● Source data
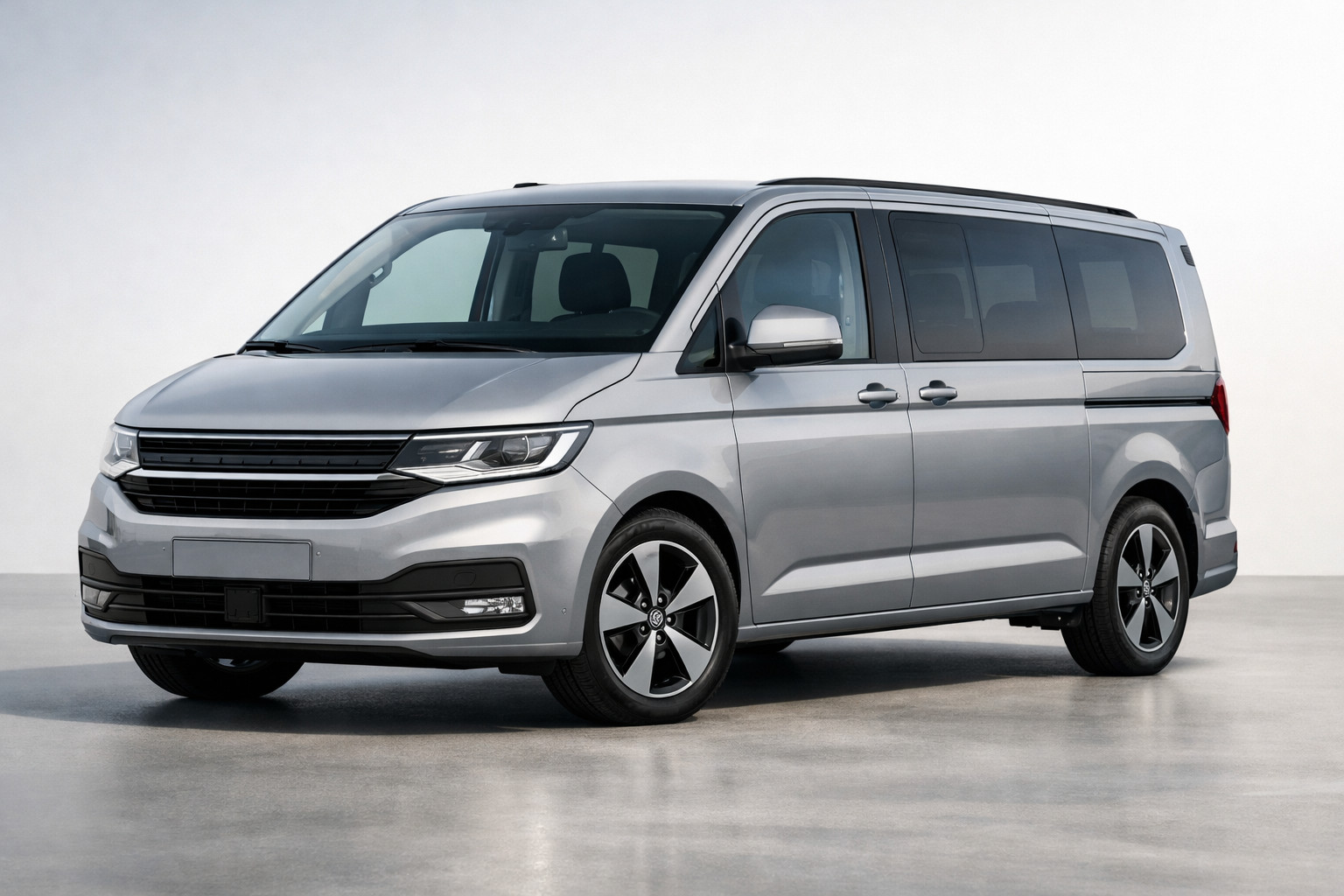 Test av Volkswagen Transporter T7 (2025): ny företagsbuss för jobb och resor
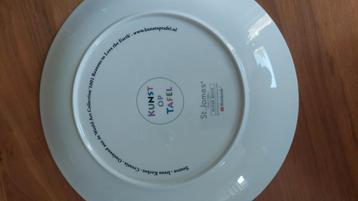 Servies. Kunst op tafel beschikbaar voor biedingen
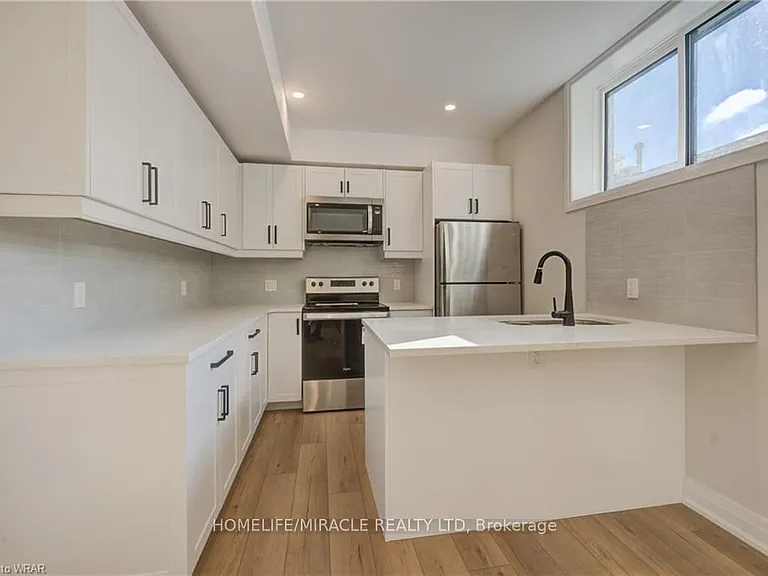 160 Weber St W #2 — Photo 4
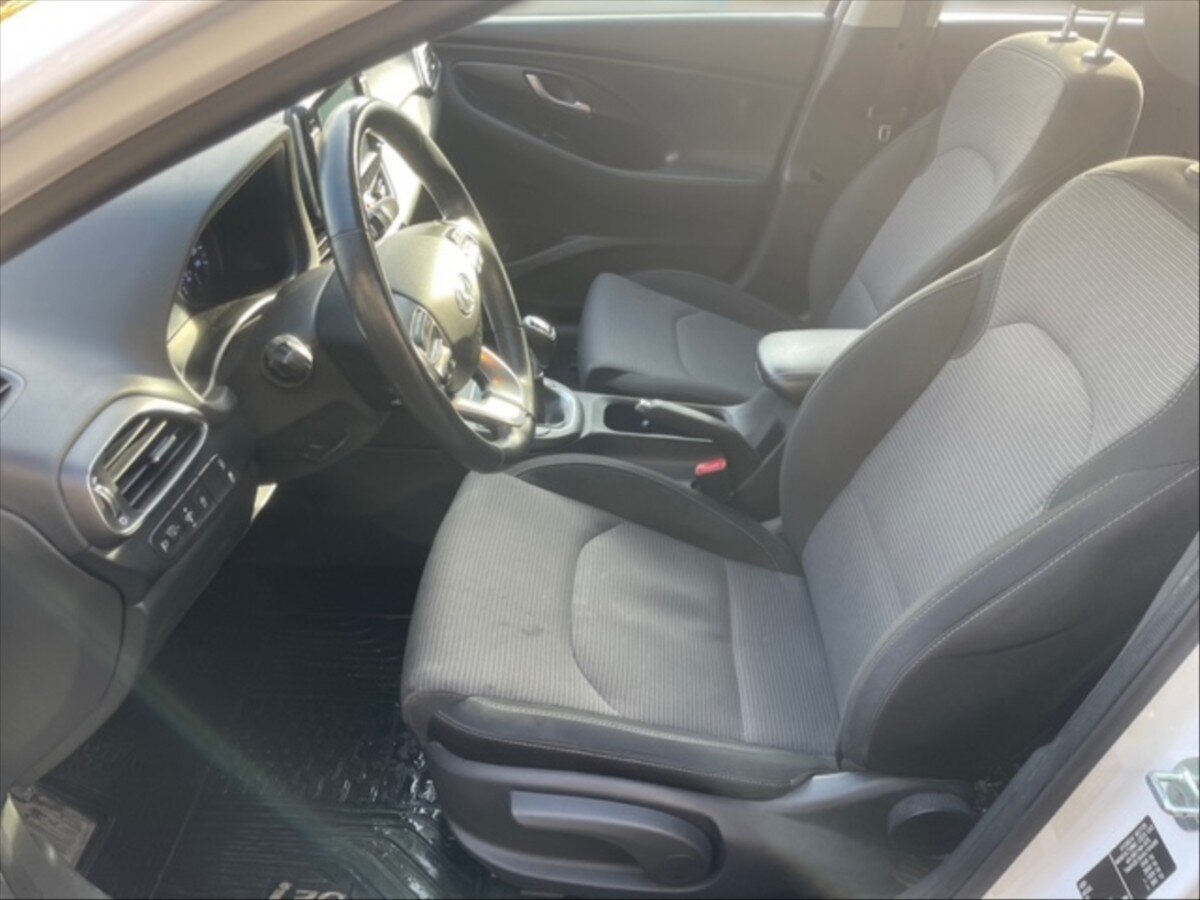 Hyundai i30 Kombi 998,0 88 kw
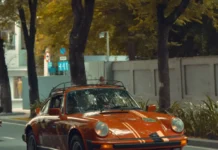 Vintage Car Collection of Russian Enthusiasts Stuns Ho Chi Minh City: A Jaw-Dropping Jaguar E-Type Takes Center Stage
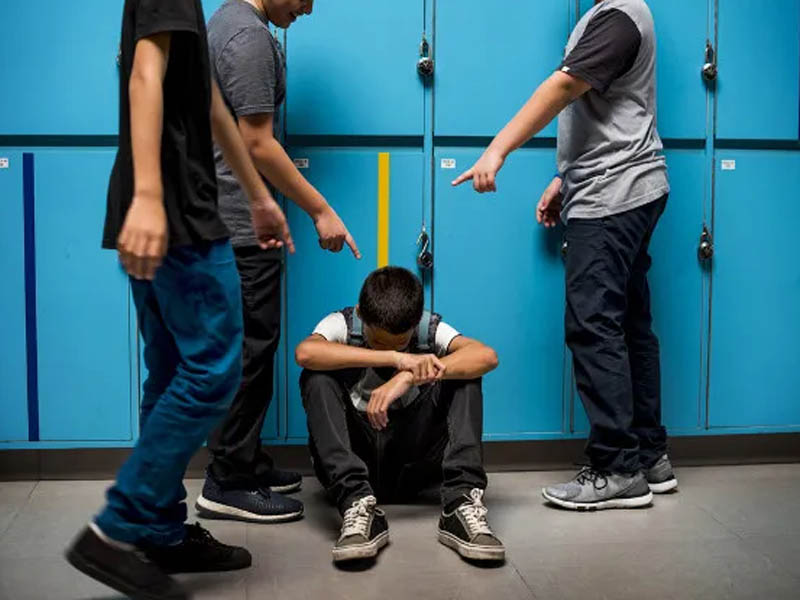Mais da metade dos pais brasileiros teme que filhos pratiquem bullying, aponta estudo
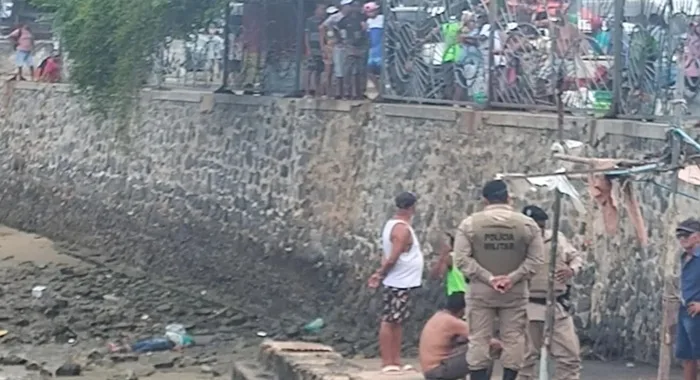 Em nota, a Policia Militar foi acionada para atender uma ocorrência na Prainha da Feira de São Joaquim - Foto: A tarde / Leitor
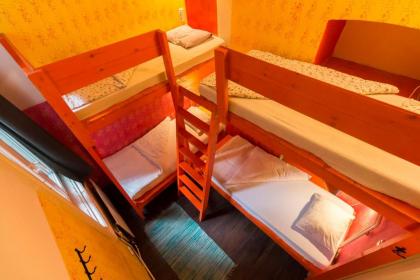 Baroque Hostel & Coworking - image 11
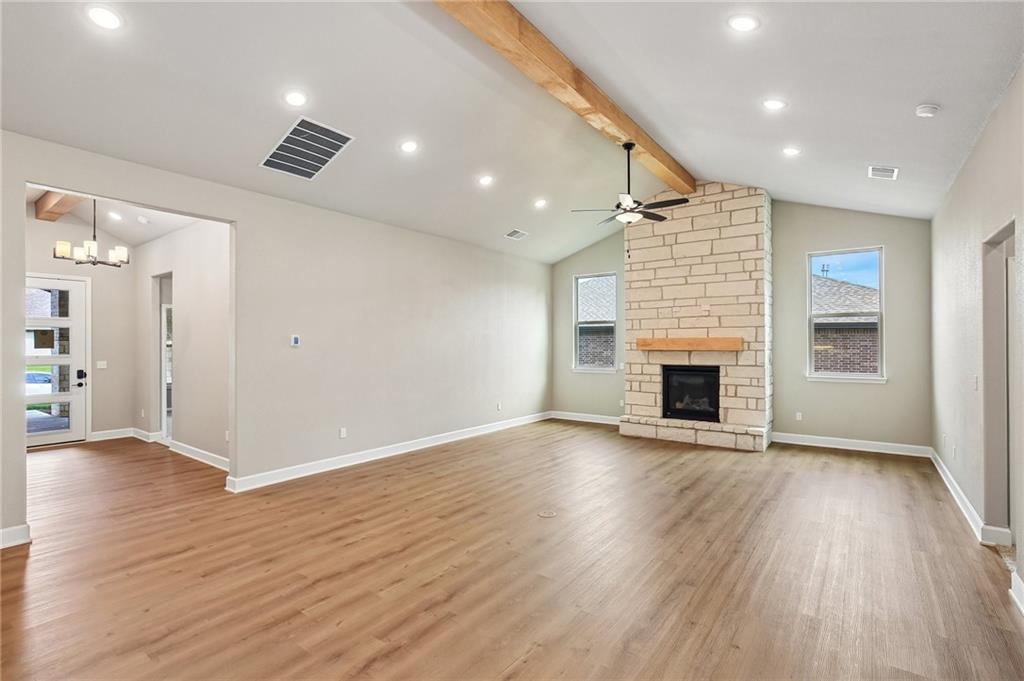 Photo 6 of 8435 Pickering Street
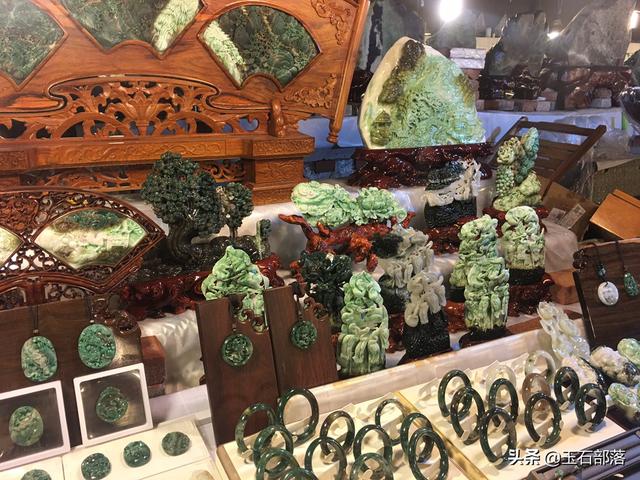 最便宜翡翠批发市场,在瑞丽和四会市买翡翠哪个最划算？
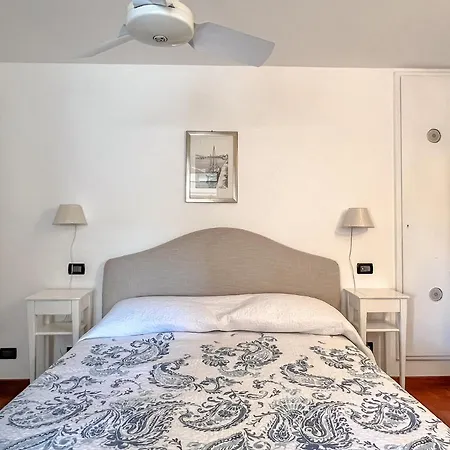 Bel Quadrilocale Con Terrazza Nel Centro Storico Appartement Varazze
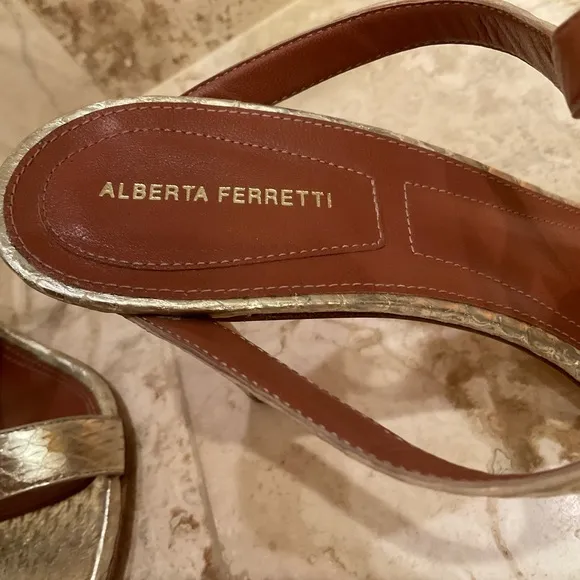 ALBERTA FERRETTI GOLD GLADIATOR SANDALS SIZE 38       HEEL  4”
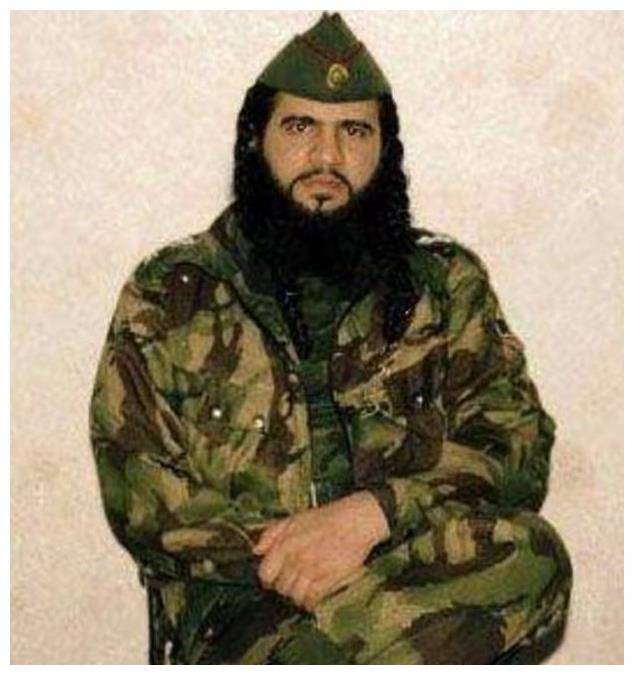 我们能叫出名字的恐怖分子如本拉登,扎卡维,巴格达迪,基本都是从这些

● YOUR ASSIGNMENT
Your task is to write out, exactly and without pictures, only the lines from the one holding "Baroque Hostel & Coworking - image 11" to the last line of the data.

● ANSWER
 Baroque Hostel & Coworking - image 11
 Photo 6 of 8435 Pickering Street
 最便宜翡翠批发市场,在瑞丽和四会市买翡翠哪个最划算？
 Bel Quadrilocale Con Terrazza Nel Centro Storico Appartement Varazze
 ALBERTA FERRETTI GOLD GLADIATOR SANDALS SIZE 38       HEEL  4”
 我们能叫出名字的恐怖分子如本拉登,扎卡维,巴格达迪,基本都是从这些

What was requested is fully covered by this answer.